===== Supplied material =====
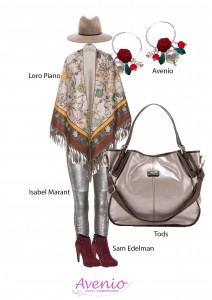 Outfit Avenio con pendientes de flores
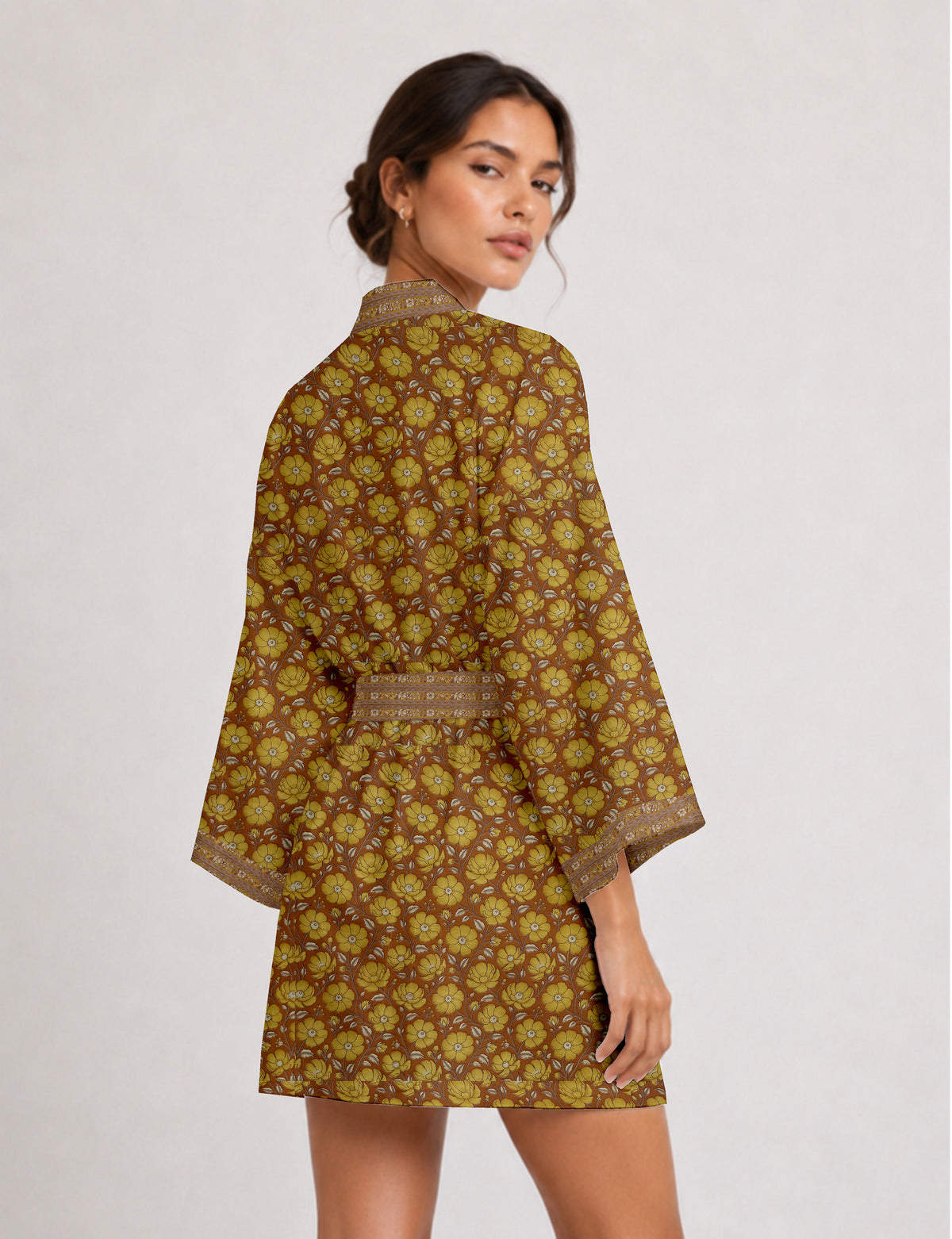 Short kimono robe - Yellow Floral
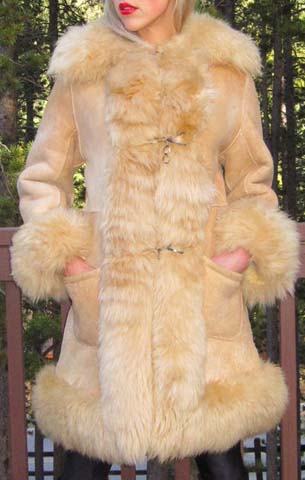 70s Boho Shearling Hippie Coat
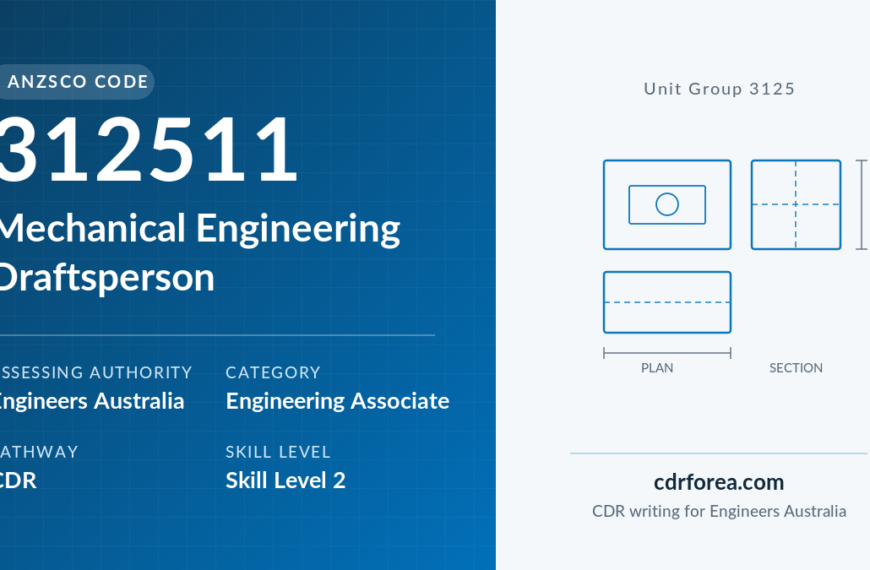 ANZSCO 312511 Mechanical Engineering Draftsperson assessed by Engineers Australia as an Engineering Associate via the CDR pathway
=====
* **What to do**
Without reproducing any picture, repeat exactly the lines from the one containing "70s Boho Shearling Hippie Coat" through the last line of the material above, both ends included.

* **Task answer**
 70s Boho Shearling Hippie Coat
 ANZSCO 312511 Mechanical Engineering Draftsperson assessed by Engineers Australia as an Engineering Associate via the CDR pathway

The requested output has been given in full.